+++ Records provided
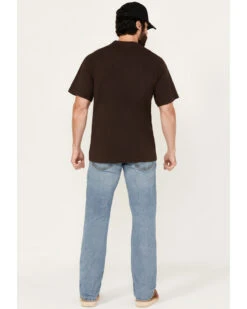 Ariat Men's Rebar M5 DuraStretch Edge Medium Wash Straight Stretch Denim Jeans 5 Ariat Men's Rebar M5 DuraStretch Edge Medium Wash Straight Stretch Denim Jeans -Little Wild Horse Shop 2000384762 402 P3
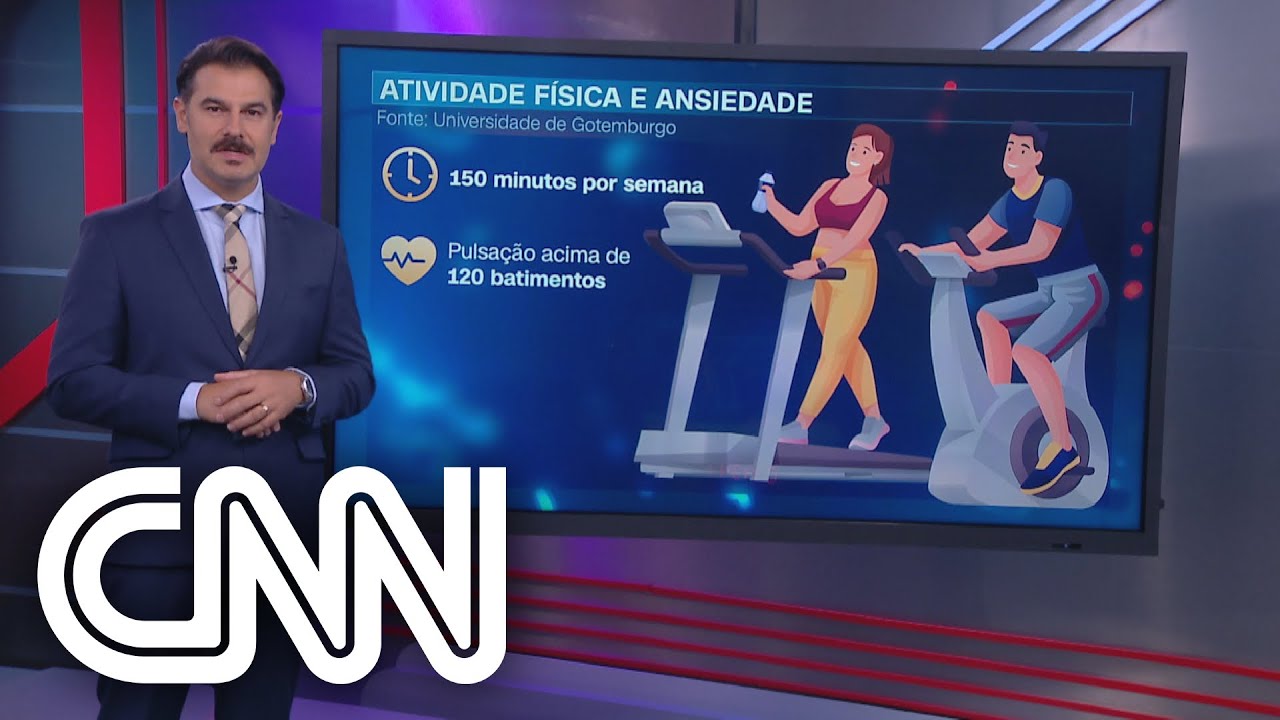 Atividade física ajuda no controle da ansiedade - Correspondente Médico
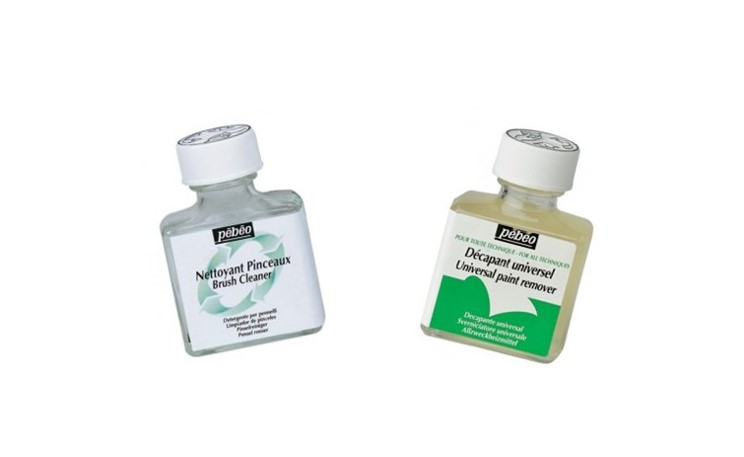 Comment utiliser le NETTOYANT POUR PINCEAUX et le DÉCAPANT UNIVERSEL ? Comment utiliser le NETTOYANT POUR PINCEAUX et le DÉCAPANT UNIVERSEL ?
++++++
+++ Records provided
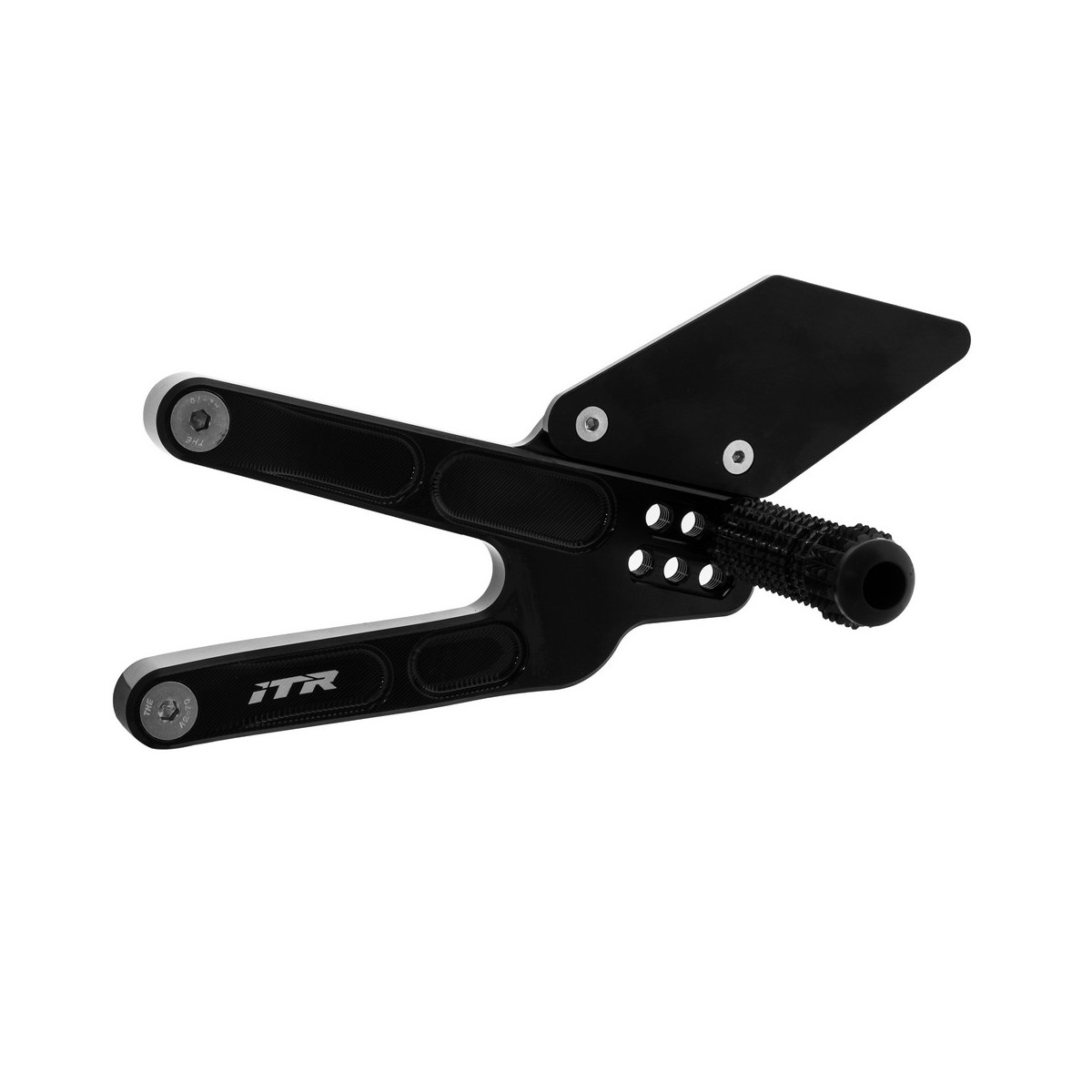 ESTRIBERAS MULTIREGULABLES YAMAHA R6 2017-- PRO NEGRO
++++++
» Exercise brief
Of the lines above, copy only those from the one holding "2000384762 402 P3" to the one holding "UNIVERSEL ? Comment", both included, and exclude every image.

» Exercise answer
 Ariat Men's Rebar M5 DuraStretch Edge Medium Wash Straight Stretch Denim Jeans 5 Ariat Men's Rebar M5 DuraStretch Edge Medium Wash Straight Stretch Denim Jeans -Little Wild Horse Shop 2000384762 402 P3
 Atividade física ajuda no controle da ansiedade - Correspondente Médico
 Comment utiliser le NETTOYANT POUR PINCEAUX et le DÉCAPANT UNIVERSEL ? Comment utiliser le NETTOYANT POUR PINCEAUX et le DÉCAPANT UNIVERSEL ?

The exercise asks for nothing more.